On the West Lancashire Borough Council website today “This 18-hole golf course is a picturesque testing ground set high above the Lancashire plain. The 5,996 yard course has a par of 72”.
You notice the heap of landfill in the background, picture taken today? And not “was” a picturesque testing ground, but “is” as of 17 May 2020. Of course, we all know it isn’t “a picturesque testing ground” but WLBC can’t admit it. Our council is in breach of the Supply of Goods and Services Act 1982 which remains in force in England, and of course there is the Consumer Rights Act too.
This, below, is another picture of a “yellow green” at Beacon Park Golf Course now that the course is open again.
There is a “West Lancashire Borough Council Playing Pitch Assessment” that includes “The capacity for pitches to regularly provide for competitive play, training and other activity over a season is most often determined by their quality. As a minimum, the quality and therefore the capacity of a pitch affects the playing experience and people’s enjoyment of a sport. In extreme circumstances it can result in a pitch being unable to cater for all or certain types of play during peak and off peak times”.
Or most of the time? Because these ARE extreme circumstances, the landfill royalty greed circumstances, that have made Beacon Park Golf Course become the worst managed municipal golf course in the country as parts of it disappeared under landfill. Below, a cracked green, not watered, because it is apparent that irrigation pipes have been damaged and there is no piped water to reach the parched greens.

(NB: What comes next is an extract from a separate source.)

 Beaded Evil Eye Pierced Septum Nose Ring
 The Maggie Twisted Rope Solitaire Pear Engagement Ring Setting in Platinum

And, states WLBC, “Presenting an accurate picture of current demand for playing pitches (i.e. recording how and when pitches are used) is important in order to carry out the full supply and demand assessment. Demand for playing pitches tends to fall within the categories: Organised competitive play; Organised training; and Informal play. In addition, unmet and displaced demand for provision is also identified on a sport by sport basis. Unmet demand is defined as the number of additional teams that could be fielded if access to a sufficient number of pitches (and ancillary facilities) was available. Displaced demand refers to teams that are generated from residents of the area but due to any number of factors do not currently play within the area”.
Vandalism of a municipal golf course by planning consent by the municipality that holds the stewardship of it is neglect, pure and simple. To allow it to last from the first planning consent in 2011 to 2020, nine years and counting as you see it today, isn’t just neglect, it’s criminal!